RECORDS FOR THE EXERCISE START
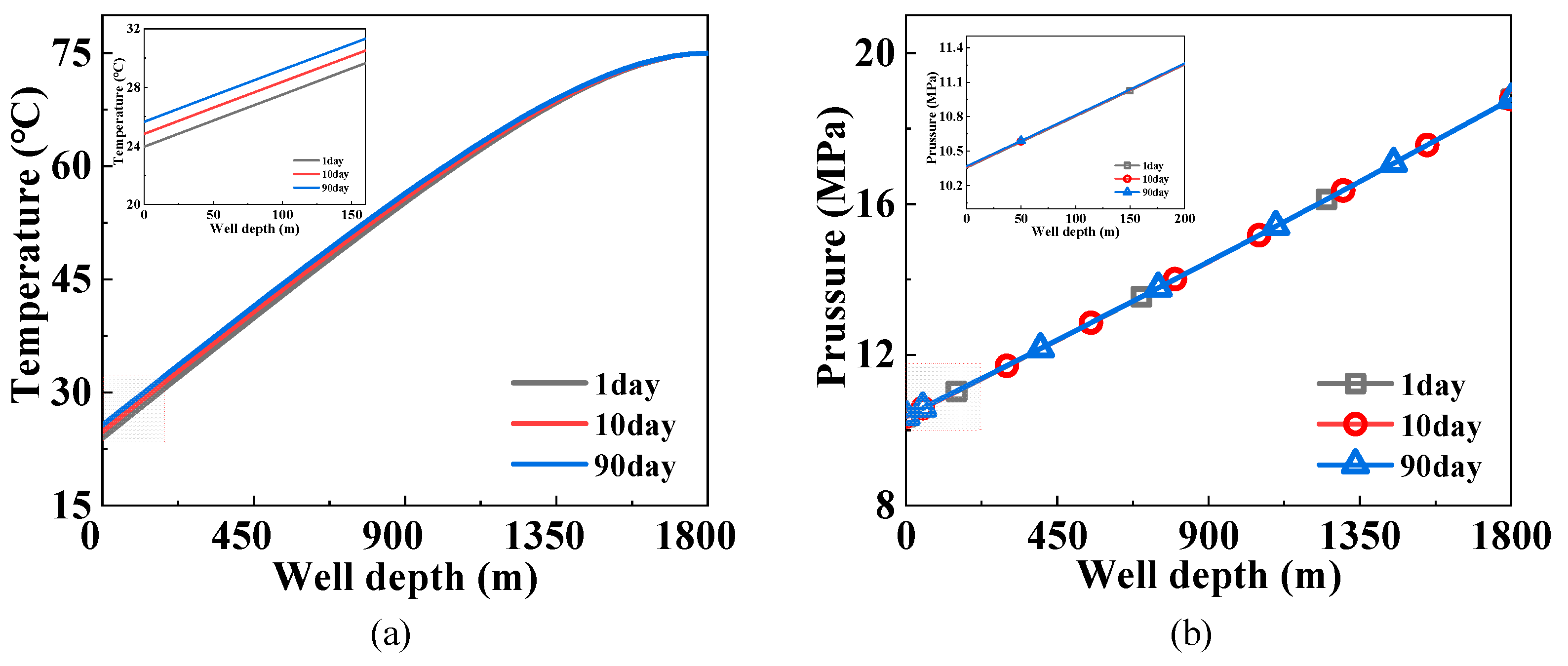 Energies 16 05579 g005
RECORDS FOR THE EXERCISE END
RECORDS FOR THE EXERCISE START
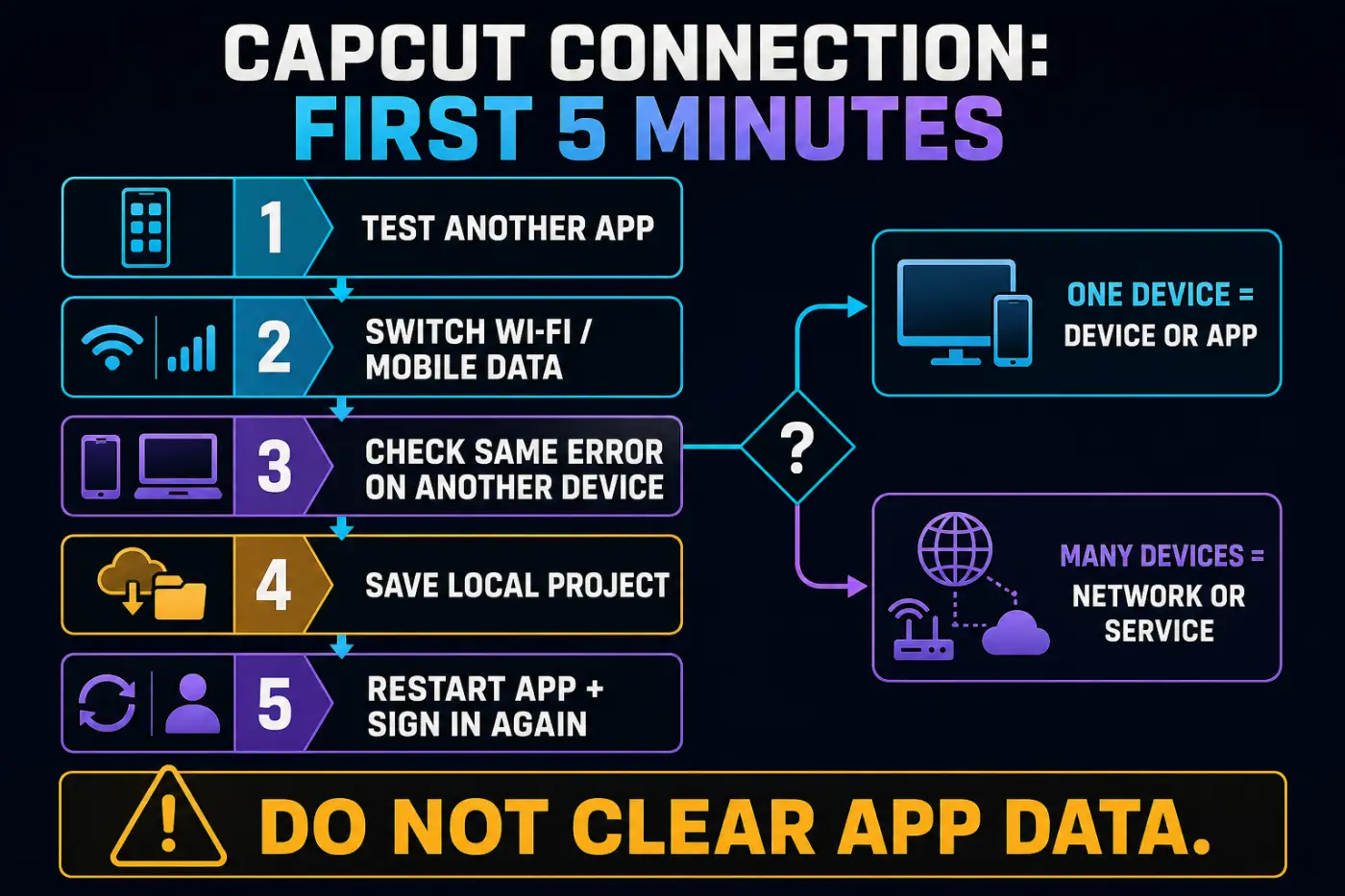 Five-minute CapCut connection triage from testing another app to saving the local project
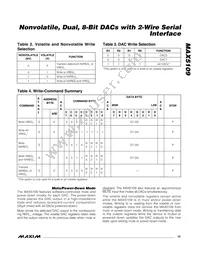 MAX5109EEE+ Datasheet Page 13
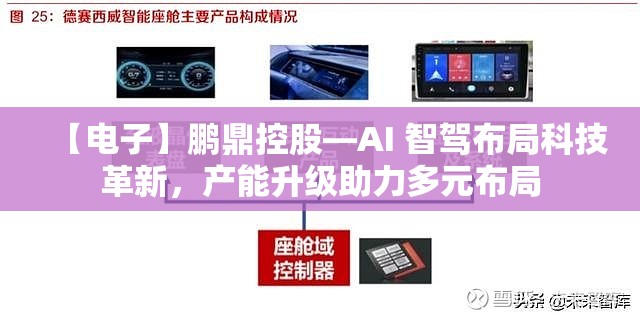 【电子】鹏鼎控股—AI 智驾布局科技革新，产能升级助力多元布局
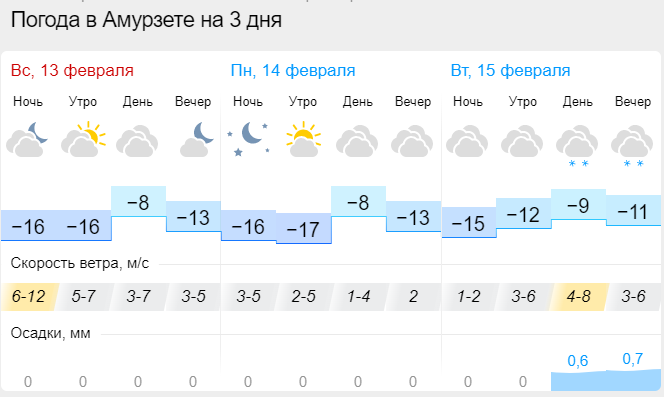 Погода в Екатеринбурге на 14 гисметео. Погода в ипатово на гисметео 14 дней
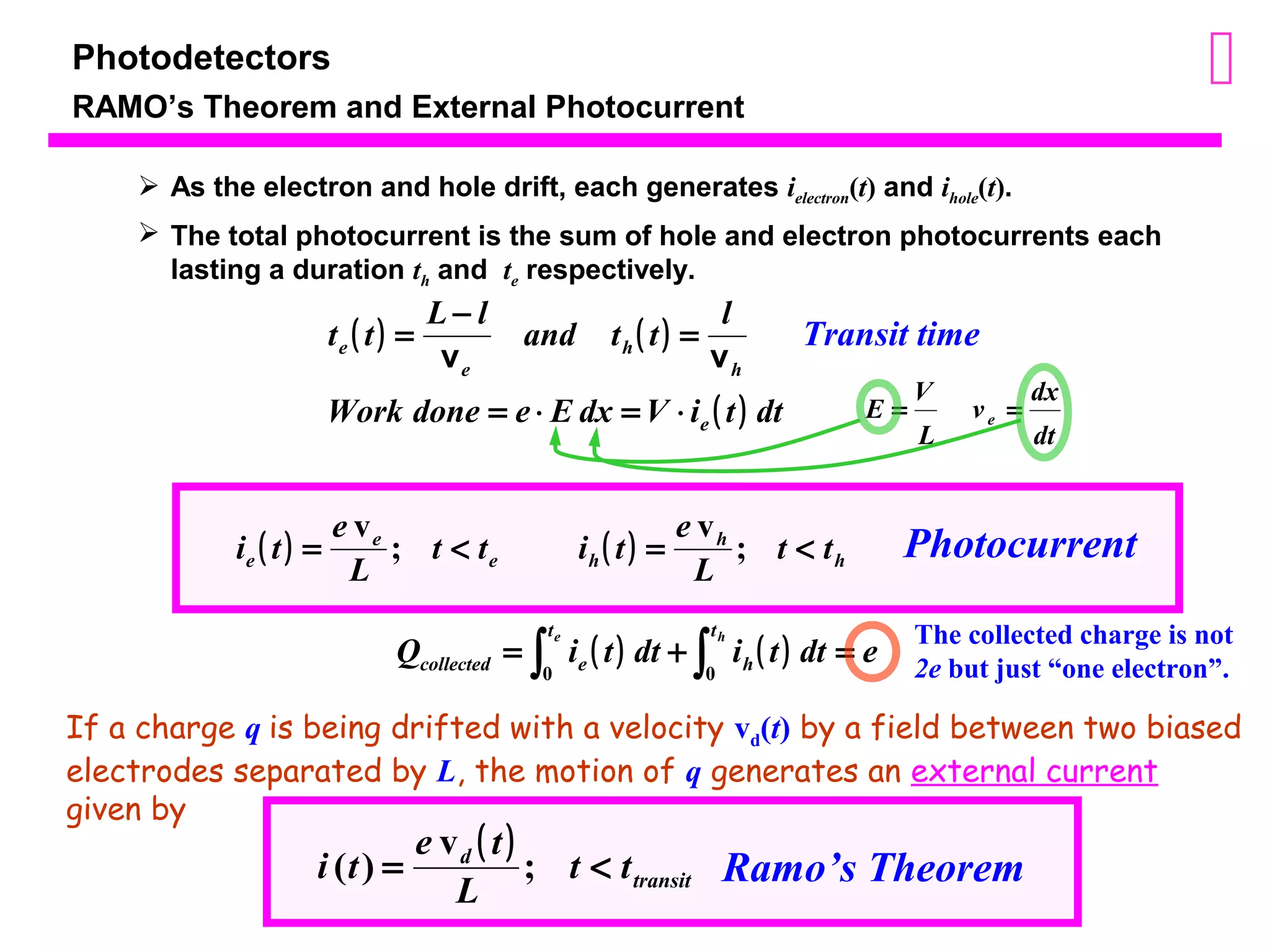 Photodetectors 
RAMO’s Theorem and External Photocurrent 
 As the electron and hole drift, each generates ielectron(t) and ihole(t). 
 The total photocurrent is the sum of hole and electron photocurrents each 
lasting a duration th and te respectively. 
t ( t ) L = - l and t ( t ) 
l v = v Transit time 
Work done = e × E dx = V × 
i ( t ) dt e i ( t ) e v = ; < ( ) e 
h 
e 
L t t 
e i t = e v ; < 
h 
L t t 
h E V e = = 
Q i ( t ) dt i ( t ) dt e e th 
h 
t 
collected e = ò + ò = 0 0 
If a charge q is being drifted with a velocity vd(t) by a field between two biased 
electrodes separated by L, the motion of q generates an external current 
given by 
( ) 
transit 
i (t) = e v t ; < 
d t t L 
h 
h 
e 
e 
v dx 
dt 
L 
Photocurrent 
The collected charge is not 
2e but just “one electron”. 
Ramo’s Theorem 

RECORDS FOR THE EXERCISE END
RECORDS FOR THE EXERCISE START
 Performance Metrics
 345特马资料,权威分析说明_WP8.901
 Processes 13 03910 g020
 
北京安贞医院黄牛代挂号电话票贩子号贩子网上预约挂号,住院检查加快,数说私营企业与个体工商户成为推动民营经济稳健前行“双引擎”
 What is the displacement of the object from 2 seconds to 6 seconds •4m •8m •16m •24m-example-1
RECORDS FOR THE EXERCISE END
**EXERCISE DIRECTIONS**
Search the material above for the string "collected". Show every line that holds it.

**YOUR SOLUTION**
collected e = ò + ò = 0 0 
The collected charge is not 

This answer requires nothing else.